> _Exercise aim_: Write out exactly, excluding pictures, the lines from the one containing "Black Metal Round" through the end of the data, both included.

Web page caption snippets:
* * *
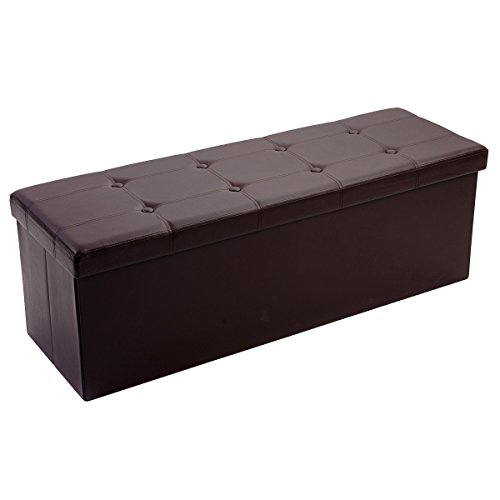 JAF Faux Leather Folding Storage Ottoman Bench Foot Rest Stool with Tufted Buttons, Brown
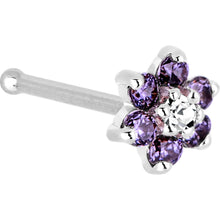 Load image into Gallery viewer, Solid 14K White Gold Amethyst and Clear Cubic Zirconia Flower Nose Ring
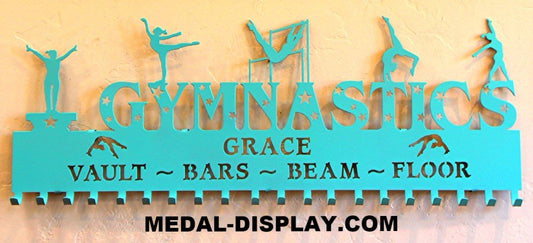 A Trendy Gymnastics Medal Holder personalized with a name
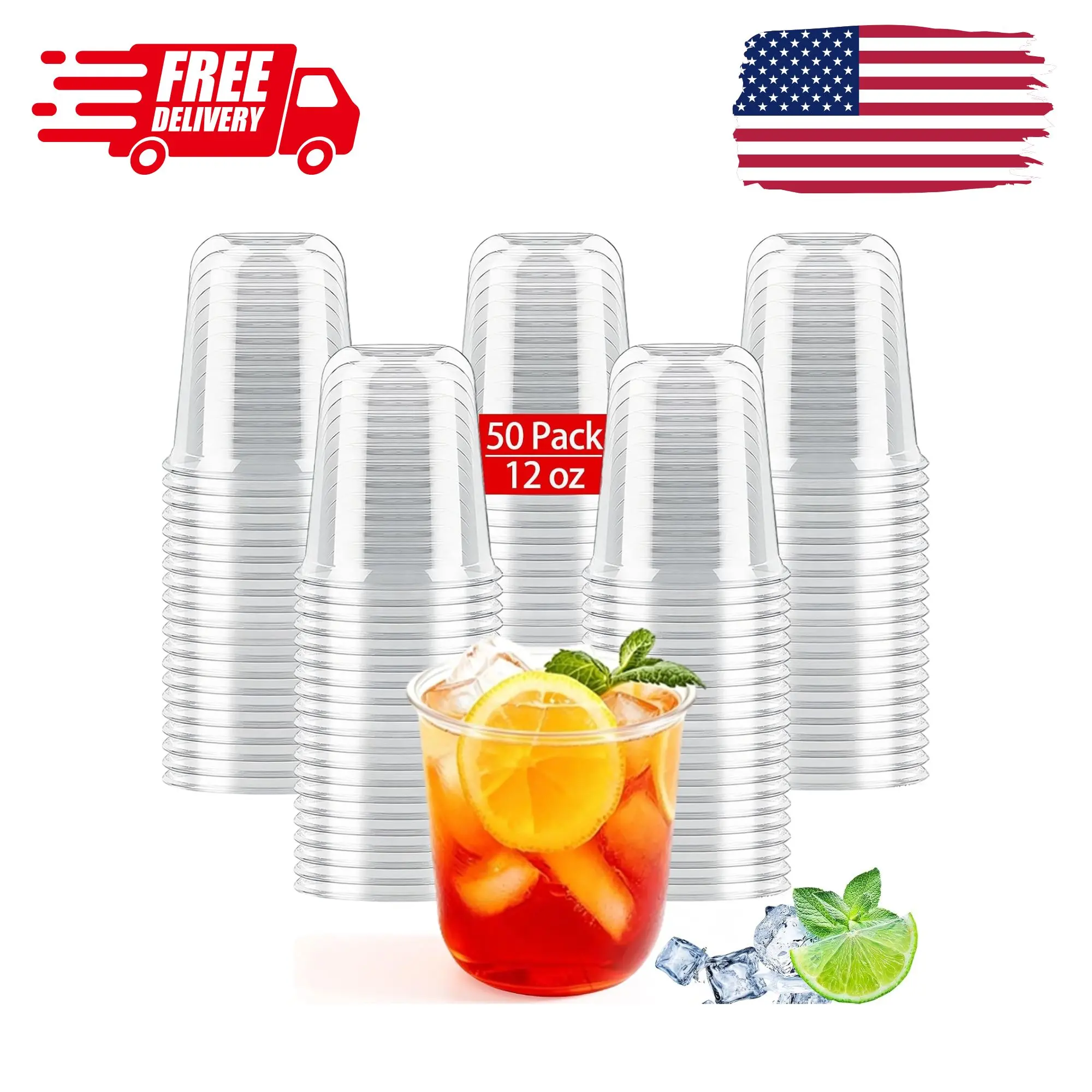 50 Pcs Clear Plastic Cups Disposable - 12 oz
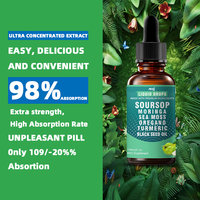 Vente en gros de gouttes liquides de corossol pur naturel de 60 ml, huile de corossol, compléments alimentaires de corossol pour le système immunitaire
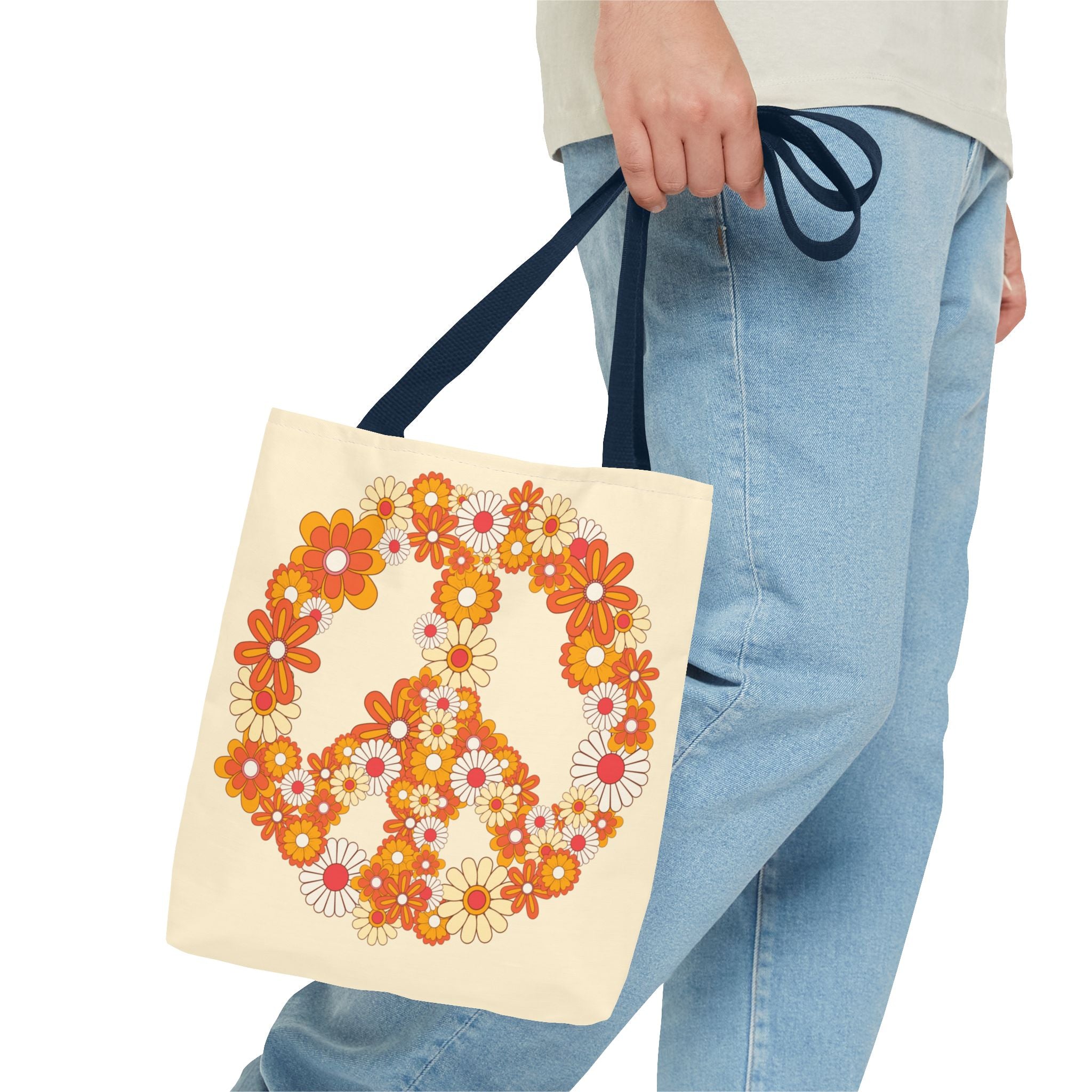 ✌️ 70s Floral Hippie Peace Sign Tote Bag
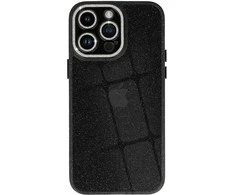 Topt Liquid Glitter Camera dėklas skirtas Apple iPhone 13 Pro Max juodos spalvos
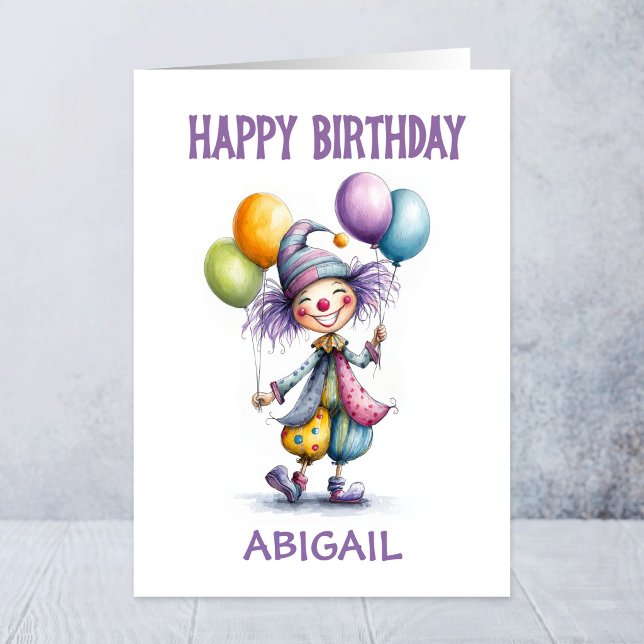 Tarjeta Payaso Alegre Sosteniendo Globos Cumpleaños (Subido por el creador)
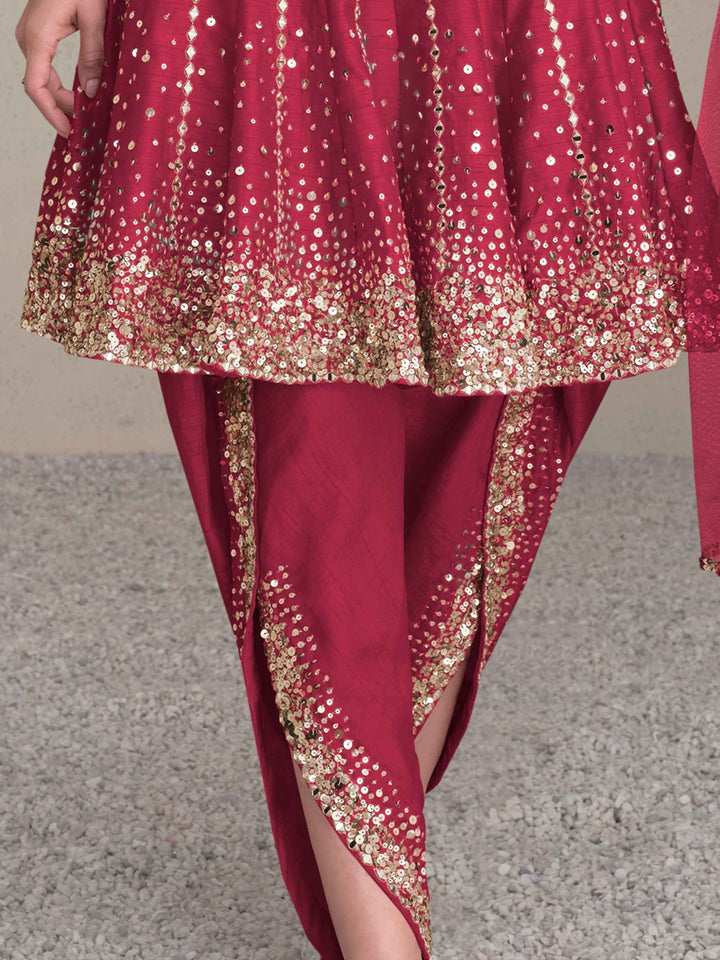 Attractive Pink Sequins Silk Designer Dhoti Suit With Dupatta for women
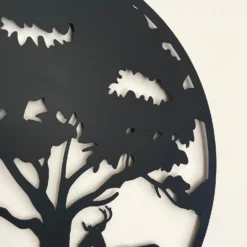 Black Metal Round Tree Deer Silhouette Wall Art -Home Decoration IMG E9355 editedAU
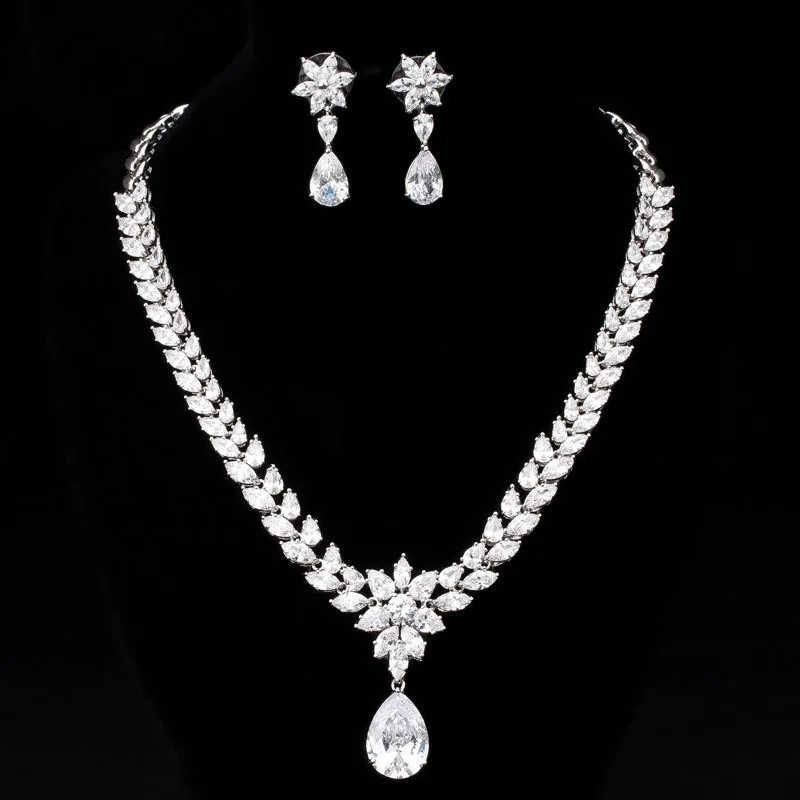 

White Gold Color Luxury Bridal CZ Flower and water droplets Crystal Necklace and Earring Set Big Wedding Jewelry Sets For Brides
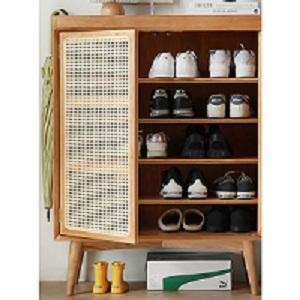 Say goodbye to clutter with this White Oak Rattan Shoe Cabinet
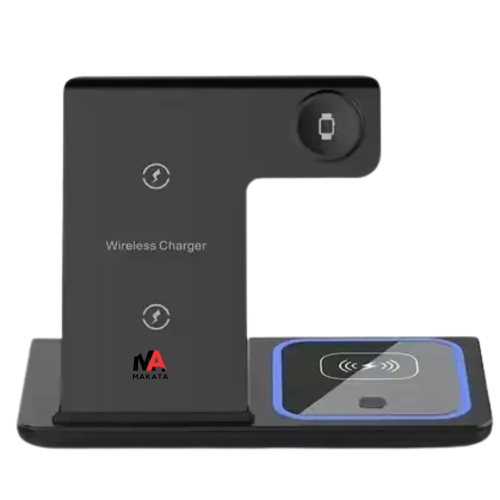 MAKATA 4-in-1 Wireless Charger Foldable Fast-Charging Station Compatible with Apple Samsung Phones Smart watches and Airpods for Home and Office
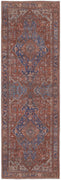 8' Red Tan And Blue Floral Power Loom Runner Rug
* * *
> _Solution for this problem_:
 Black Metal Round Tree Deer Silhouette Wall Art -Home Decoration IMG E9355 editedAU

White Gold Color Luxury Bridal CZ Flower and water droplets Crystal Necklace and Earring Set Big Wedding Jewelry Sets For Brides
 Say goodbye to clutter with this White Oak Rattan Shoe Cabinet
 MAKATA 4-in-1 Wireless Charger Foldable Fast-Charging Station Compatible with Apple Samsung Phones Smart watches and Airpods for Home and Office
 8' Red Tan And Blue Floral Power Loom Runner Rug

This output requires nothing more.